Place the filled leaves, seam side down and close together, in a single layer in a wide saucepan. Pour in the oil and lemon juice. Place an ovenproof plate or other weight on the filled leaves so they don't unroll during cooking. Add very hot water just to cover the filled leaves and bring the liquid to a boil over medium-high heat. Cover, turn down the heat to low, and simmer for 35 to 40 minutes. To test for doneness, sample a dolma; the rice should be tender. (Alternatively; cook the filled leaves in a preheated 350 °F oven for 35 to 40 minutes.)

Remove the pan from the heat and uncover so the filled leaves will cool quickly. Let them rest for about 15 minutes; then, using a spatula, carefully transfer them to a platter and let cool completely before serving. Garnish with the lemon wedges and accompany with a bowl of yogurt. Or, transfer the filled leaves to a shallow container, let cool, cover, and refrigerate for up to 1 week, then bring to room temperature before serving.

VARIATIONS: This same rice filling can be used for reynadas or rellenos (stuffed vegetables), but the rice must be precooked for 10 to 15 minutes before it is combined with the other filling ingredients because the stuffed vegetables are not submerged in liquid during cooking. Stuff the filling into 3 pounds assorted vegetables, prepared as directed (see following), being careful not to pack it too tightly, as the rice will continue to expand in the oven. Arrange the vegetables in a baking dish. Pour water to a depth of 1 inch into the dish, then mix together ½ cup extra virgin olive oil and 3 tablespoons fresh lemon juice and add to the dish. Cover with aluminum foil and bake in a preheated 350 °F oven until the vegetables and rice are tender, about 45 minutes. Serve at room temperature garnished with yogurt or dressed with extra virgin olive oil and lemon juice.

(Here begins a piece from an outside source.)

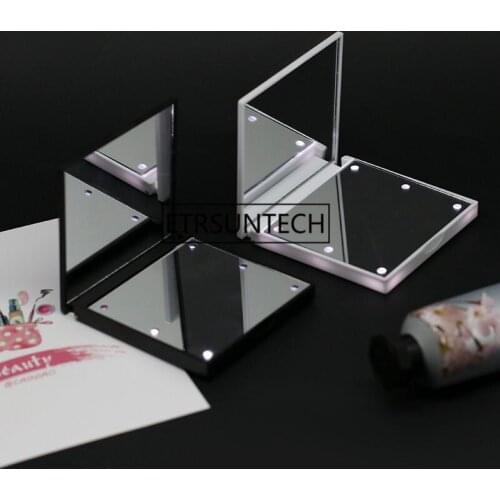 Makeup Cosmetic Folding Portable Compact Pocket Mirror with 6 LED Lights Lamps F1320
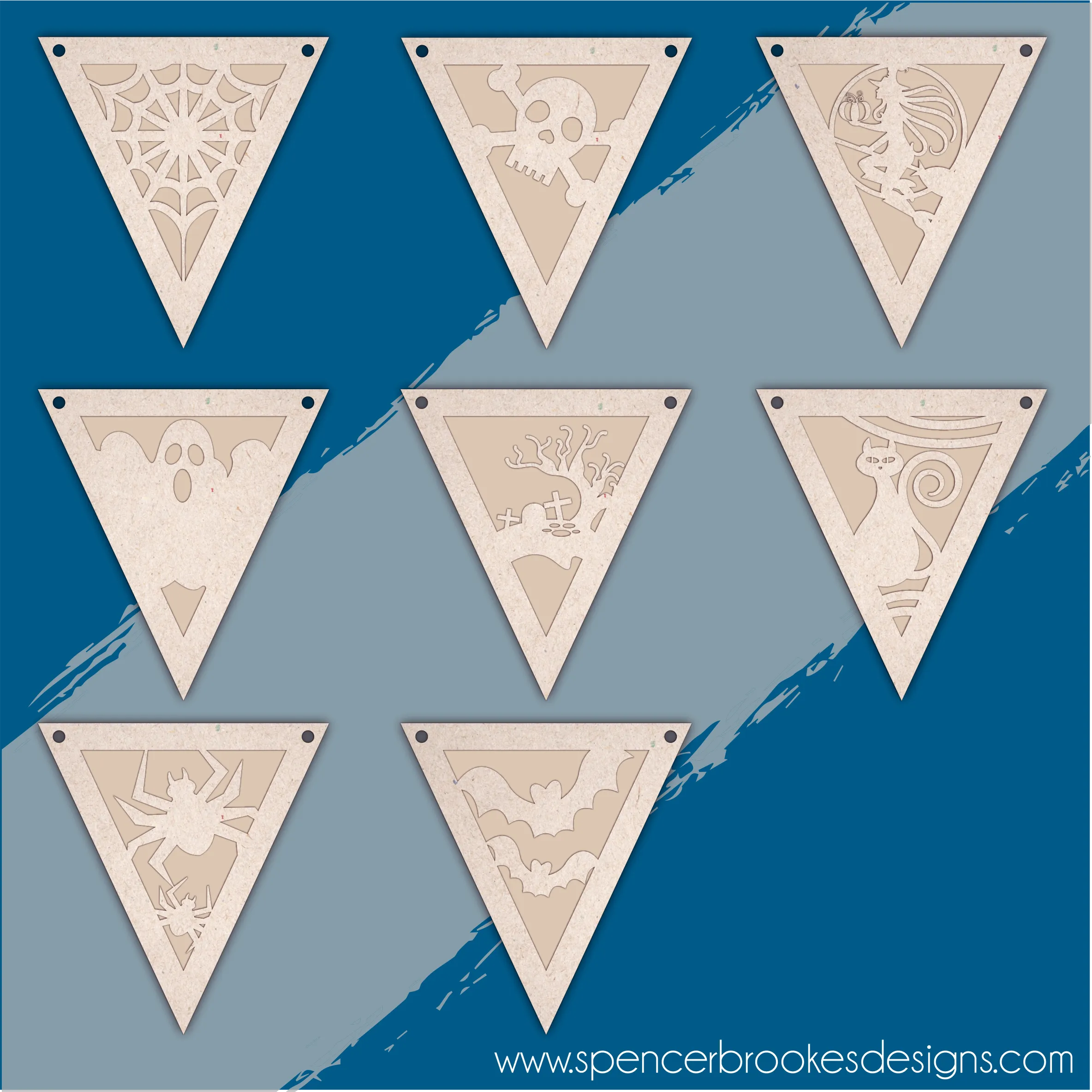 MDF Layered Triangle Halloween Flag Bunting Set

For stuffed sweet peppers (reynadas de pipirushkas): Cut the top off of each pepper and set the tops aside. Scoop out and discard the seeds and thick ribs. Bring a large saucepan filled with water to a boil and parboil the peppers for 4 to 5 minutes. Drain well, then fill the peppers with the rice filling, replace the tops, and bake as directed.

For stuffed eggplants (reynadas de berenjena): Use small globe or Italian eggplants. Cut in half lengthwise and scoop out the pulp, leaving a ¼-inch-thick wall. Chop the pulp, discarding as many seeds as possible. Sauté the chopped pulp with the onions. Sauté the eggplant cases in olive oil for about 5 minutes to soften. Fill the eggplant cases with the rice filling and bake as directed.

For stuffed zucchini (reynadas de kalavasas): If using large zucchini, halve lengthwise and scoop out and discard the seeds. If necessary, enlarge the cavity by cutting out enough pulp to leave a ¼-inch-thick wall. Chop any removed pulp, then sauté the pulp with the onions. Bring a large saucepan filled with water to a boil and parboil the zucchini cases for 3 minutes. Drain well, then fill the zucchini cases with the rice filling and bake as directed.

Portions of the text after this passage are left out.